>>>
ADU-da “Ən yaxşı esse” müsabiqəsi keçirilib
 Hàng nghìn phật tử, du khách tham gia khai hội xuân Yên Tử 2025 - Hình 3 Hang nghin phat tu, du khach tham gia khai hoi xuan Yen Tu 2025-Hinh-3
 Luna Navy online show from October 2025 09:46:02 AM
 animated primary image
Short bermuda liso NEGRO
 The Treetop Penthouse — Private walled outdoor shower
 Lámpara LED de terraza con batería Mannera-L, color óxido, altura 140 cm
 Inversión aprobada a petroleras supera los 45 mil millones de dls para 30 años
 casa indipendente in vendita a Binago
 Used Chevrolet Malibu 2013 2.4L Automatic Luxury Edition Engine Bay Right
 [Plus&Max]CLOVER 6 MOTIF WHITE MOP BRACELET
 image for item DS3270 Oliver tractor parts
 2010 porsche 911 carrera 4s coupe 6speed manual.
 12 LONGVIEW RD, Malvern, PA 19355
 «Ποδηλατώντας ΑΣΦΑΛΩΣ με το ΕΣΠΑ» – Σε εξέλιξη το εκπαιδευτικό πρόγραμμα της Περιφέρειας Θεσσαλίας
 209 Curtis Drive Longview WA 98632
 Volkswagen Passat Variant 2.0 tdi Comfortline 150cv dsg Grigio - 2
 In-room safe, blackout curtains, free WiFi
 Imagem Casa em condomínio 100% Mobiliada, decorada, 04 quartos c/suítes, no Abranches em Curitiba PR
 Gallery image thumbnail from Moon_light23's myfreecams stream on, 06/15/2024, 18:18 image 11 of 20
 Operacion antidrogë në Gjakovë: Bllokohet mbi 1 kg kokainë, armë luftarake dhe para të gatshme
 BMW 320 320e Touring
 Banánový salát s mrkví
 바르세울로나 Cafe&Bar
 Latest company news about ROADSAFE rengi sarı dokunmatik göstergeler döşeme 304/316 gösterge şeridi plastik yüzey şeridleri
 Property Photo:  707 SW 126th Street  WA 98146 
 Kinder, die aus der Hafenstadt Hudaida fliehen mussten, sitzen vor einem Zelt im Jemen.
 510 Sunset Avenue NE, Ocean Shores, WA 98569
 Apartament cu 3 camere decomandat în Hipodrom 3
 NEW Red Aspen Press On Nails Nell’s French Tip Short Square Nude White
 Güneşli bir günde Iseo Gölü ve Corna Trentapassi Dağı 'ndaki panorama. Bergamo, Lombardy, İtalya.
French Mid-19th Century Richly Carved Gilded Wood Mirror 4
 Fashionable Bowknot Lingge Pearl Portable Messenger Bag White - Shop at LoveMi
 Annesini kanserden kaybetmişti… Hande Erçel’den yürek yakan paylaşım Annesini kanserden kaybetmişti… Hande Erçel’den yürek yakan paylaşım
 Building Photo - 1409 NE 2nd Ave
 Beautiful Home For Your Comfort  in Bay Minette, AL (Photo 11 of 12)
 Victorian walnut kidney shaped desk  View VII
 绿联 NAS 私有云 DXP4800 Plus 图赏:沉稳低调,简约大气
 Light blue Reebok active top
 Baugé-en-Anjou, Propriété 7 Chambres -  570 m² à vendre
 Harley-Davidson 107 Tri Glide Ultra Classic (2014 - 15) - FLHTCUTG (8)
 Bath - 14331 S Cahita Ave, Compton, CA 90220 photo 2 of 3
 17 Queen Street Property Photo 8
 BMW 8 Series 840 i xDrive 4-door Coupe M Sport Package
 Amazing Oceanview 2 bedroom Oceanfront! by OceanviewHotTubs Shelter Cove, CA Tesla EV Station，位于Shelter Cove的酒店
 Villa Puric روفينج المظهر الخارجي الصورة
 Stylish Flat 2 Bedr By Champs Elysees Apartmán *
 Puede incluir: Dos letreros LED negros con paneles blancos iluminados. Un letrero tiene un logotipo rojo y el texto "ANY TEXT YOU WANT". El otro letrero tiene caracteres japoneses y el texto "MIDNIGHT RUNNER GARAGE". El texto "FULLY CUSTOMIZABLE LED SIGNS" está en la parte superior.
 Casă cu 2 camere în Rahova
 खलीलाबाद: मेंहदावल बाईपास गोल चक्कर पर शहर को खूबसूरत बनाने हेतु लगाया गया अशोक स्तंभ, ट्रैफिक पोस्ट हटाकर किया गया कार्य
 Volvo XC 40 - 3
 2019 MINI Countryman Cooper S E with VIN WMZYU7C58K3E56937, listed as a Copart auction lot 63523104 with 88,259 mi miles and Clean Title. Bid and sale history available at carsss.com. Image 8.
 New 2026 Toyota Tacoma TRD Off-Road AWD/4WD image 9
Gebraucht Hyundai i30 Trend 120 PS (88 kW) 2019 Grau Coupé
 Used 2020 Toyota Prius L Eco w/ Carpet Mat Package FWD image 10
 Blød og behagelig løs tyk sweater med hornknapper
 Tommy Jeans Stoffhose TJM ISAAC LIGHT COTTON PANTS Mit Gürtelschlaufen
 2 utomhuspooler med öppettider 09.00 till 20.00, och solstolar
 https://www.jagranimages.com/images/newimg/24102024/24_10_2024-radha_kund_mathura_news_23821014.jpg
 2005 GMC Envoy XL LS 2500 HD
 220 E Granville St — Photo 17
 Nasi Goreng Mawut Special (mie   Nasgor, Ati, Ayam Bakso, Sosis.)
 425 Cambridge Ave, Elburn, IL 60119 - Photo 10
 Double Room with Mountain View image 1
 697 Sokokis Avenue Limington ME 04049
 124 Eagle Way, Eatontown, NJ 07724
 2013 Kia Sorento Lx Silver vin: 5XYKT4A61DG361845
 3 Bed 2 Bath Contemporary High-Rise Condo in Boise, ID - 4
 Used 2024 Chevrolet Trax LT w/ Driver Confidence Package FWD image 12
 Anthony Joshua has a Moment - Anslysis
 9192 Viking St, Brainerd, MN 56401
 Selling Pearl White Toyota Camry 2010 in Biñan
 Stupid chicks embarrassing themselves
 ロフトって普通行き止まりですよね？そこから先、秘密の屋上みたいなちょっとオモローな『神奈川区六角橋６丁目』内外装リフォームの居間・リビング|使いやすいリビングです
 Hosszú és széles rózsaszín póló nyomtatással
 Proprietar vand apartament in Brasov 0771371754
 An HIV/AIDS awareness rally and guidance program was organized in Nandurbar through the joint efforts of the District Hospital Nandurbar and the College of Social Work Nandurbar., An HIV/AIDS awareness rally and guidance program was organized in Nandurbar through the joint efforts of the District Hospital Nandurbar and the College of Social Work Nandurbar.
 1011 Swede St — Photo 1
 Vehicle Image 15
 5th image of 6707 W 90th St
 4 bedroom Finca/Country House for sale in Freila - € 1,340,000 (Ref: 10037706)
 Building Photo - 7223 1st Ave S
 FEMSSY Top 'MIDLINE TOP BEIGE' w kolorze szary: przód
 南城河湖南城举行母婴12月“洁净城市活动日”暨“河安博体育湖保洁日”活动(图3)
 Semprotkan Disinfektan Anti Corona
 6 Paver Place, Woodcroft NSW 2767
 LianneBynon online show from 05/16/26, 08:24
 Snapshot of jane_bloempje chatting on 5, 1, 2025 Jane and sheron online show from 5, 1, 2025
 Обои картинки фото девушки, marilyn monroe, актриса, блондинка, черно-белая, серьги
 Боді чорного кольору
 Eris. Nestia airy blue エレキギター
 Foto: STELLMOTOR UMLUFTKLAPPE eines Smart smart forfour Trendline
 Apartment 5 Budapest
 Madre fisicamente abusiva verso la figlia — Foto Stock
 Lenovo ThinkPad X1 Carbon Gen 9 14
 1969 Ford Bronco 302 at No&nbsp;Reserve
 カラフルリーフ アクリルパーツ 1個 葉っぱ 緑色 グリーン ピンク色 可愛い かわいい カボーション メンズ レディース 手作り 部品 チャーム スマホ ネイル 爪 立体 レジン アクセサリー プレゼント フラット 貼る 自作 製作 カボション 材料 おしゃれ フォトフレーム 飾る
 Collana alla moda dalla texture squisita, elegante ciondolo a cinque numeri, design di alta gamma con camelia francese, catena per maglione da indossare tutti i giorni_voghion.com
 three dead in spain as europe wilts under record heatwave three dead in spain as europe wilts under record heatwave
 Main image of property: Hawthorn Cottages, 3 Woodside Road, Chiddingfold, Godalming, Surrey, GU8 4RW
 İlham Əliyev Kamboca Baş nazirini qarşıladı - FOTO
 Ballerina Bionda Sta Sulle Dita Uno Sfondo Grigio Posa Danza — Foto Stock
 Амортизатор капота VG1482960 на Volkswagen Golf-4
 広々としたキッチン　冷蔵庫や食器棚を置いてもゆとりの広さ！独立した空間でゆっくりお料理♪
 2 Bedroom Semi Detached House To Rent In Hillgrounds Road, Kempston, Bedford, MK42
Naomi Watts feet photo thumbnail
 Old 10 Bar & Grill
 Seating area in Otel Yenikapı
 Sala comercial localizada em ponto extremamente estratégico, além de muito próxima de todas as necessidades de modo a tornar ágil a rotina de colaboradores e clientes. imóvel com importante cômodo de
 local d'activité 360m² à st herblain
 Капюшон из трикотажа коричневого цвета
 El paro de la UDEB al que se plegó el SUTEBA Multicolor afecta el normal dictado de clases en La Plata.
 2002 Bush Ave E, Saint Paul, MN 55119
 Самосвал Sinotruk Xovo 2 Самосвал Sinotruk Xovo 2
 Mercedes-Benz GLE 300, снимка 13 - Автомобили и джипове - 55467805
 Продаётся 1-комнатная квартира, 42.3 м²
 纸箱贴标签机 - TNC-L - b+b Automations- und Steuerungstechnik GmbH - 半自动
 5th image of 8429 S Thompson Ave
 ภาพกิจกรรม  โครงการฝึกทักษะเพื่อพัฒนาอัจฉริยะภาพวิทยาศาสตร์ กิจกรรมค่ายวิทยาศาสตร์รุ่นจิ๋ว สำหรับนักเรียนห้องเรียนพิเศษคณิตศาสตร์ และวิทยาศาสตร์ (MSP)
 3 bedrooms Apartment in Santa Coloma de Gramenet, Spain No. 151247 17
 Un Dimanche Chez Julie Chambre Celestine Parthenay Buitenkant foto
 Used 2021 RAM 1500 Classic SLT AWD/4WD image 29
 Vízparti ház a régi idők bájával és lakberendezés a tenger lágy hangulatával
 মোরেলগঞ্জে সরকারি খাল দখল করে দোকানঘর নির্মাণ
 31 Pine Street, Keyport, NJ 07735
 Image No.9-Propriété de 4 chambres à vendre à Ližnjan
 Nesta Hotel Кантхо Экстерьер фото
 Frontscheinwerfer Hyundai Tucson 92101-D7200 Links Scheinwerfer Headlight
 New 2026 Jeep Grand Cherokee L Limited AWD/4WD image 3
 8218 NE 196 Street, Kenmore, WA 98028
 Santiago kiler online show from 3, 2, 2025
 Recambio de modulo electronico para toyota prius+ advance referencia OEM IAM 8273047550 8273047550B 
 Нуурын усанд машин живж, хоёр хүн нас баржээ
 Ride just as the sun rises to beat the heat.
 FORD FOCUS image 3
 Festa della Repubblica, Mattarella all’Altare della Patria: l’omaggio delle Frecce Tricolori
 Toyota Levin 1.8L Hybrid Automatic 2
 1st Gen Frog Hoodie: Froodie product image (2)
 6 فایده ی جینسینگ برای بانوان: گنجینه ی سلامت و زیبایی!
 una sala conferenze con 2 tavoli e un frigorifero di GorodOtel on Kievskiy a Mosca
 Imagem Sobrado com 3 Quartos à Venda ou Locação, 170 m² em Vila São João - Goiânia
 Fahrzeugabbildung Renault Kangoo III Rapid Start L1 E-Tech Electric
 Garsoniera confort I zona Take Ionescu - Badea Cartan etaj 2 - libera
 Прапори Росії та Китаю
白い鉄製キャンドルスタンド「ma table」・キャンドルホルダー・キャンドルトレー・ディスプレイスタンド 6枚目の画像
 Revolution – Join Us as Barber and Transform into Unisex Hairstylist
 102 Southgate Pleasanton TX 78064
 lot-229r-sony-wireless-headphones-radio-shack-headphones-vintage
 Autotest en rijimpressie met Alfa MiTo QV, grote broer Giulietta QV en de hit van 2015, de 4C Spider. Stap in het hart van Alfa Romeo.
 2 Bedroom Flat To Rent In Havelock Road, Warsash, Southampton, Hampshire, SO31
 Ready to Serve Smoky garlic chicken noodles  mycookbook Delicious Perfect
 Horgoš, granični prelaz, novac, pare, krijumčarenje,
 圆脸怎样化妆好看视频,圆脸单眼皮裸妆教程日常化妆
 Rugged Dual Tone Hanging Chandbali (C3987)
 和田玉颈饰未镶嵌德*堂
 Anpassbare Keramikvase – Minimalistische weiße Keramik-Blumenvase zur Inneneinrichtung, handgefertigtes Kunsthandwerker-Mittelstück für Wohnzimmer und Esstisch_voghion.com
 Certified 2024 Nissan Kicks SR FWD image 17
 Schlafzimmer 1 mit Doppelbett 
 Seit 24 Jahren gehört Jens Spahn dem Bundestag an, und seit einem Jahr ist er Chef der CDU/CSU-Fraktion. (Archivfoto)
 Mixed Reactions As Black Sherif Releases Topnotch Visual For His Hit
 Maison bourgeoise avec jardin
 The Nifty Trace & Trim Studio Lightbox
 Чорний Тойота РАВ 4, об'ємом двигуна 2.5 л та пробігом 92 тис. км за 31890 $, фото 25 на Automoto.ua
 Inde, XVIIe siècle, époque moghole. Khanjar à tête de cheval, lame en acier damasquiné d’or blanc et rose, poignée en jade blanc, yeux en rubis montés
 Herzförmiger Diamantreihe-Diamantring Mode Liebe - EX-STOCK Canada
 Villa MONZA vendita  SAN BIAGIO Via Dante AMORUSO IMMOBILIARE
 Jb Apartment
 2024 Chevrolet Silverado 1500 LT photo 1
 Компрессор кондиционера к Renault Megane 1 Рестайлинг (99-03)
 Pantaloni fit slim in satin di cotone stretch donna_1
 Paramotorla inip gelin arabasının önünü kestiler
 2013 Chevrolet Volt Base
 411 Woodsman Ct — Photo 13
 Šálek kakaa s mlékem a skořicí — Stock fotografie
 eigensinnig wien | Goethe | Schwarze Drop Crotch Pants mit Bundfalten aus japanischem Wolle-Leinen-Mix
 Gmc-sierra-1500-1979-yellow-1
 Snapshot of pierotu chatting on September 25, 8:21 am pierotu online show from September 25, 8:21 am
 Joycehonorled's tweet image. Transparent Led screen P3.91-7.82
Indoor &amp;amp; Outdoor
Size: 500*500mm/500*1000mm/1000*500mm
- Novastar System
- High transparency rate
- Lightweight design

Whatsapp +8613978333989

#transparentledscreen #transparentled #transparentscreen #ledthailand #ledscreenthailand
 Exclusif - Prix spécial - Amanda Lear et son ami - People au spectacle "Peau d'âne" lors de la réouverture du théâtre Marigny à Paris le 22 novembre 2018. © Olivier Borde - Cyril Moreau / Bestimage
<<<
What is needed —
From the data above, reproduce word for word the lines running from the line with "[Plus&Max]CLOVER 6 MOTIF WHITE MOP BRACELET" to the line with "707 SW 126th", ends included.

Reply to the exercise —
 [Plus&Max]CLOVER 6 MOTIF WHITE MOP BRACELET
 image for item DS3270 Oliver tractor parts
 2010 porsche 911 carrera 4s coupe 6speed manual.
 12 LONGVIEW RD, Malvern, PA 19355
 «Ποδηλατώντας ΑΣΦΑΛΩΣ με το ΕΣΠΑ» – Σε εξέλιξη το εκπαιδευτικό πρόγραμμα της Περιφέρειας Θεσσαλίας
 209 Curtis Drive Longview WA 98632
 Volkswagen Passat Variant 2.0 tdi Comfortline 150cv dsg Grigio - 2
 In-room safe, blackout curtains, free WiFi
 Imagem Casa em condomínio 100% Mobiliada, decorada, 04 quartos c/suítes, no Abranches em Curitiba PR
 Gallery image thumbnail from Moon_light23's myfreecams stream on, 06/15/2024, 18:18 image 11 of 20
 Operacion antidrogë në Gjakovë: Bllokohet mbi 1 kg kokainë, armë luftarake dhe para të gatshme
 BMW 320 320e Touring
 Banánový salát s mrkví
 바르세울로나 Cafe&Bar
 Latest company news about ROADSAFE rengi sarı dokunmatik göstergeler döşeme 304/316 gösterge şeridi plastik yüzey şeridleri
 Property Photo:  707 SW 126th Street  WA 98146 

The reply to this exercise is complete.